I'm looking for a tractor to use around the barn to shuffle hay in and out and load trucks. My only wants are 4wd and a shuttle and prefer a cab. I'd like to stay in the low 20's which is tough to do with my wants. I've found a few of these new hollands and everything on the spec sheet puts it near max capacity handling my bundles but paperwork says it'll work. Anyone have any experience with these machines or any other ideas? Needs be be able to lift 2 bundles appx 2700lbs 10' high. Tia

http://www.tractorhouse.com/listings/farm-equipment/for-sale/10894827/2008-new-holland-t2420


----------



## somedevildawg (Jun 20, 2011)

Something is telling me it ain't got enuf ass.......


----------



## Lewis Ranch (Jul 15, 2013)

You'd think so but I've borrowed a friends 4240 Kubota which only specs to handle 1200lbs and I have loaded a couple hundred bundles with it no problem. I really like using that smaller frame tractor in and around the barn it's just to handy.
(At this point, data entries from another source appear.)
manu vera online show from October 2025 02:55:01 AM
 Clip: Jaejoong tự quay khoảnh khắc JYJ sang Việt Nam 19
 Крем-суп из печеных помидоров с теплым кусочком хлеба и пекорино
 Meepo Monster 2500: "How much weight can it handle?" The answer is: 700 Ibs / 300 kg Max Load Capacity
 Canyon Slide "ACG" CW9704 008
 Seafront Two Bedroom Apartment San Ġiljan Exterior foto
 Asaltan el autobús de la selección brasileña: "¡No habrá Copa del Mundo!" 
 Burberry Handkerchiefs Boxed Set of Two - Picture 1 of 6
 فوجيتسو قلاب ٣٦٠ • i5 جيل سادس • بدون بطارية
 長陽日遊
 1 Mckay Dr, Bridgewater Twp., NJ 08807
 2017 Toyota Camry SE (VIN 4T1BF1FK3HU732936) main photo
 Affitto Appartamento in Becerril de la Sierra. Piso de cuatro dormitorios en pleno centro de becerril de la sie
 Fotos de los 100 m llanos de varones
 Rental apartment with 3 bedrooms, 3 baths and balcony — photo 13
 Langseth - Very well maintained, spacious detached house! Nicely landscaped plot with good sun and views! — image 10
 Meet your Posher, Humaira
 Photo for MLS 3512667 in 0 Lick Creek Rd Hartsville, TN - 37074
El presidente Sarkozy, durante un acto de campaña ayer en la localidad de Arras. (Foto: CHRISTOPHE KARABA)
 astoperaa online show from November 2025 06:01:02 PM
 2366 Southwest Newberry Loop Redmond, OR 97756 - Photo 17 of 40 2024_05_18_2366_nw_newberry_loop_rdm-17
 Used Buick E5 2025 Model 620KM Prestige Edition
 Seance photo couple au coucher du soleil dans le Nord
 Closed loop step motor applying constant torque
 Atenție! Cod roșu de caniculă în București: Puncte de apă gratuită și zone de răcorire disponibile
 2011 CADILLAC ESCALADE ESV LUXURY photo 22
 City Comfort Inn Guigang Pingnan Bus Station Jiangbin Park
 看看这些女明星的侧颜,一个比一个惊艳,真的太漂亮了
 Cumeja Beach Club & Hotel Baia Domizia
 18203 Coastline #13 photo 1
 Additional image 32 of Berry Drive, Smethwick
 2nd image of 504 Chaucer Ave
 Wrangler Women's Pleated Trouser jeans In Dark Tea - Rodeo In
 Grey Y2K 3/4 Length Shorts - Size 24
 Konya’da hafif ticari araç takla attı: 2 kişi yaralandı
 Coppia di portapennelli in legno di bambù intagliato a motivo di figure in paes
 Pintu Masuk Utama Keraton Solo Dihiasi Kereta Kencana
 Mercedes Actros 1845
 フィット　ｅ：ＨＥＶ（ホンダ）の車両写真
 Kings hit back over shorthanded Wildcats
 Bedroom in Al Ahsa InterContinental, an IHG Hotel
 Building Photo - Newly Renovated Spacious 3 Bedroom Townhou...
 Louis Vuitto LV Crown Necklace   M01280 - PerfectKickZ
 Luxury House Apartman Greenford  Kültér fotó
Sadly The deal on that jcb fell through.


----------



## somedevildawg (Jun 20, 2011)

I haven't used one that size with two bundles, only one. It was really nimble and easy to load out with....no problem with the weight handling one, just wasn't sure about two.....


----------



## Vol (Jul 5, 2009)

May not be a big deal for your needs, but the exhaust running underneath the tractor would scare me to death if one wandered out into a hayfield with it.

Regards, Mike


----------



## r82230 (Mar 1, 2016)

As Dawg points out, could be a little on the light side (5220# in the ad), with 2700# hanging out front, even with my rear end in the seat, I think I would be slightly puckered up. Now, if the tractor could handle it, put a ton on the back end to counter balance (na, bad idea, way overloaded IMHO).

I would look for a heavier / larger tractor (or as Lewis mentions, 1200# one bundle loads).

Larry


----------